The new Desiro City trains will significantly increase the amount of space for passengers and improve on-board facilities. They feature state-of-the-art technology, are lighter than existing fleets and are much more energy-efficient. The trains also feature a light and airy, air-conditioned environment, better on-board train information systems and free passenger Wi-Fi. They also have ‘open gangways’ meaning passengers can both see through and walk the length of the train much more easily.

The new trains will boost capacity for SWT passengers, allowing more than 18,000 extra passengers to travel in and out of London Waterloo during the busiest times of the day.
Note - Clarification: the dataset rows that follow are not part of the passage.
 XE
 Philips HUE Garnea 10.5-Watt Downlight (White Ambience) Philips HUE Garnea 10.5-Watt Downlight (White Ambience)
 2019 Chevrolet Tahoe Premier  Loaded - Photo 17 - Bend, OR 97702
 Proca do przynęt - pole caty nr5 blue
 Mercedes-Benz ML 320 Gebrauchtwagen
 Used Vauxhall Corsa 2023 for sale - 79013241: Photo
When they are introduced, it will enable other existing SWT trains to be moved to other parts of the network – thus increasing capacity on other key routes.

What the First-MTR franchise is going to add to an already tight service is as yet unknown, but I look forward to learning more about their plans in the coming weeks and to being able to pass that on to you. Their approach appears to be that they will lease new trains – apparently un-built at this time – at a lower cost than that of the Desiros currently being built.

franchise

The main body of the Class 707 Desiro City train in assembly (copyright: Siemens)

Comments

In view of this unusual state of affairs I contacted Siemens to see if the rolling stock was capable of being modified for use on other parts of the national network. They told me – and I quote: “The Class 707 is being delivered as 25kV AC capable, fitted with all the wiring and cabling required for 25kV AC operation fitted to all 30 units, but with the major AC specific equipment not fitted (pantograph, transformer etc.). 
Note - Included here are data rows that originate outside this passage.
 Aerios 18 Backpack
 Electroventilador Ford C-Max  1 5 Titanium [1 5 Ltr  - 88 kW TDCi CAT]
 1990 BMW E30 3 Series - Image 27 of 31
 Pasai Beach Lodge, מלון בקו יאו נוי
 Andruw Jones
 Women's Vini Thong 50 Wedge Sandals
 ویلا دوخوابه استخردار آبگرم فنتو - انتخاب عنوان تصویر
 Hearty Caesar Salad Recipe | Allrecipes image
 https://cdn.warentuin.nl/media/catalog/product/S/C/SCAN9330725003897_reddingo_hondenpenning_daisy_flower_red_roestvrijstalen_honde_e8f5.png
“Type testing has been completed in both AC and DC modes and the first two units (707001 and 707002) were transported to the UK in dual voltage configuration so that any UK testing could be completed in AC mode where required. Once it is confirmed that no further AC testing is required, these two units will have the major AC components removed and they will be handed over as DC only. 

“We have secured full homologation for the Class 707 in DC only and dual voltage configurations and we have already received the ORR ‘Authority for putting into passenger service’ valid for both DC and AC operation.”
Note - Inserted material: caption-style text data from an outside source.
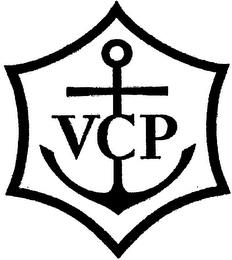 VCP trademark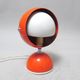 Italian ball lamp from the 1960s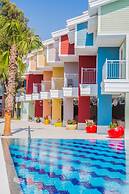 Crystal Club World of Colours - All inclusive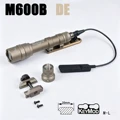 M600B Set DE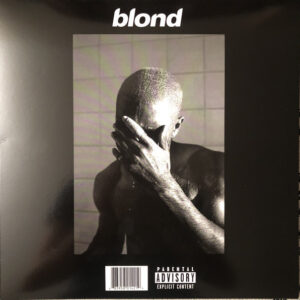 Frank Ocean/Blond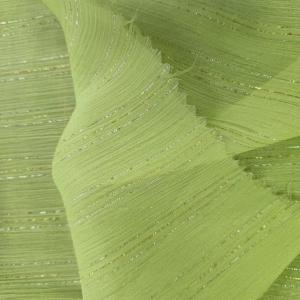 China Breathable Colorful Irregular Smooth Silk Crepe Chiffon Fabric For Women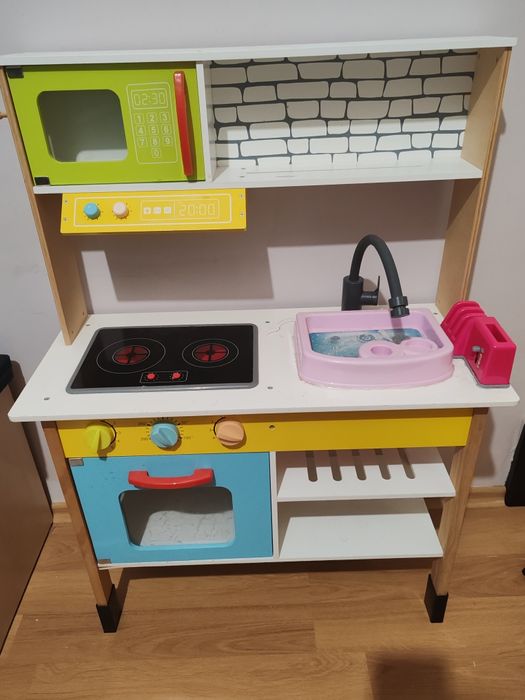 Детска кухня за деца Детска кухня за деца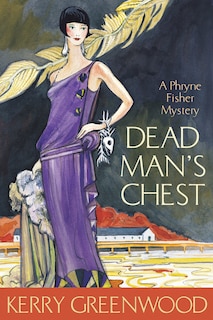 Couverture_Dead Man's Chest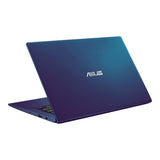 Asus X512JP-BQ257TS 15.6 FHD Core i5-1035G1 4GB 1TB+256 SSD NVIDIA MX330 Windows 10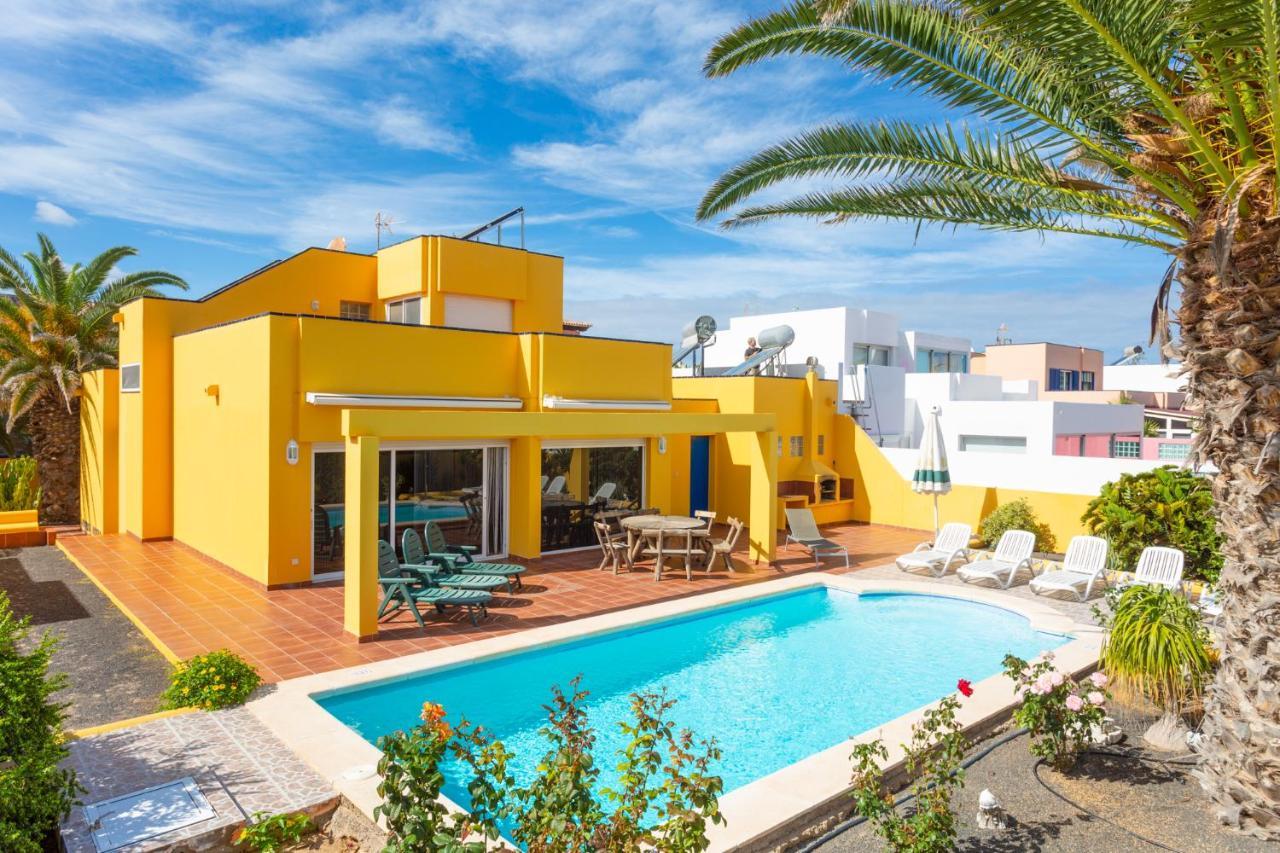 Villa Mariposas コラレホ エクステリア 写真
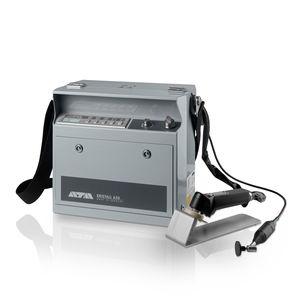 electrolytic polisher / fully-automatic / portable / for polishing applications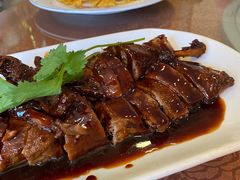 酱鸭-老大同酒家·糟卤·本帮菜(中山公园店)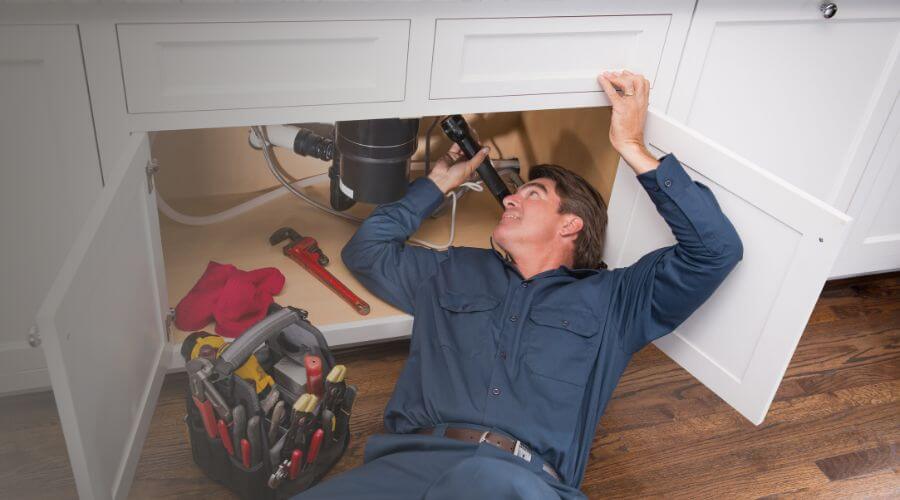 Professional Leak Detection in Sea Cliff, NY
So it appears that the rolling stock could be converted for use on other lines, but at what cost? And would the SWT seating layout suit other operators, as this stock is used for relatively short distance operations?

When asked for a comment on the new franchise, leasing company, Angel Trains, responded as such: “Angel Trains have been in discussion with Stagecoach and First Group. First MTR South Western Trains Ltd have been announced as preferred bidder and we are currently in a standstill period, and therefore cannot give any specific information about the negotiations.”

One response to “What will the new franchise mean for South West Trains?”

  1. Paul says:

    As I understand it, all new DC third rail rolling stock ordered for the UK must be easily convertible to 25KV overhead AC operation. This is a DfT rule to ensure future flexibility in situations such as this.

    Contrary to much of the media hyperbole, these trains will not be “scrapped” – if First/MTR stick with the plan to phase them out, which is by no means a certainty, they will easily find gainful operation elsewhere, though the leasing company is likely to take a small hit on the AC installation and interior refurb.

    Nevertheless they will have to offer the trains at competitive leases to other operators, no operator is going to pay more for these than other trains and Angel will be keen to recoup some of their investment – and we should remember that these trains have been paid for by a private leasing company, and not the taxpayer. The net effect for passengers is thus likely to be more trains in service somewhere, not higher fares.